Personal information
- Born: 9 October 1966 (age 58)
- Original team: Albury (OMFL)
- Height: 182 cm (6 ft 0 in)
- Weight: 82 kg (181 lb)

Playing career^{1}
- Years: Club / Games (Goals)
- 1985–1992: North Melbourne / 81 (109)
- 1993: Brisbane Bears / 09 00(9)
- Total:  / 90 (118)
- ^{1} Playing statistics correct to the end of 1993.

= Paul Spargo =

Australian rules footballer and coach

Paul Spargo (born 9 October 1966) is a former Australian rules footballer who played with North Melbourne and the Brisbane Bears in the Australian Football League (AFL). A half forward, he is the son of Footscray's Grand Final player Bob Spargo. His own son Charlie Spargo plays for North Melbourne.

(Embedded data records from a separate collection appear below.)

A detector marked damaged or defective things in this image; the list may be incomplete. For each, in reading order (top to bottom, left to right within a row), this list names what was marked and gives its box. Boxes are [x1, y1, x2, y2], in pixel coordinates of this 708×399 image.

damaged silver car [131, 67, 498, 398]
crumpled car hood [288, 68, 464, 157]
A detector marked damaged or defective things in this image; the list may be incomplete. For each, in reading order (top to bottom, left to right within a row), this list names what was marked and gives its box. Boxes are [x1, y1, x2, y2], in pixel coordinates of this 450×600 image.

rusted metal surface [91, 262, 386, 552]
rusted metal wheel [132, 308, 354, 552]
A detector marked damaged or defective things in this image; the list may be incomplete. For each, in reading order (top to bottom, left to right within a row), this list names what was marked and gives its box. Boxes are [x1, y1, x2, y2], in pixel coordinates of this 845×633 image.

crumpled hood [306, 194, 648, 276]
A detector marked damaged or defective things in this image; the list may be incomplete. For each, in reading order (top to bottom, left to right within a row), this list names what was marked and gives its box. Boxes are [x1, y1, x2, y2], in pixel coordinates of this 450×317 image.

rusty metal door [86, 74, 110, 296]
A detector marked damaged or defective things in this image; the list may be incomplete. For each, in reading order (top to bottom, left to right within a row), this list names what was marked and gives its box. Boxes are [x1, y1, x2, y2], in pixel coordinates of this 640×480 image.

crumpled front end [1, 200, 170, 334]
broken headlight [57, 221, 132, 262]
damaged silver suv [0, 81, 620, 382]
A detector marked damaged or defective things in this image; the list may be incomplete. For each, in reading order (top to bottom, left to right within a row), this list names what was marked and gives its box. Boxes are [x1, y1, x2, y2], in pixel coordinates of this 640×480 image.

Originally from Albury, Spargo returned to coach the Albury Football Club in 1994, leading the team to the first of consecutive Ovens & Murray Football League (O&MFL) premierships the following year. He left in 1997, but returned for a year in 2002. Between 2003 and 2004 he was an assistant coach at the Richmond Football Club in the Australian Football League (AFL). In 2009, he again returned to Albury, and lead them to three consecutive premierships, becoming the first man to coach five O&MFL premiership teams.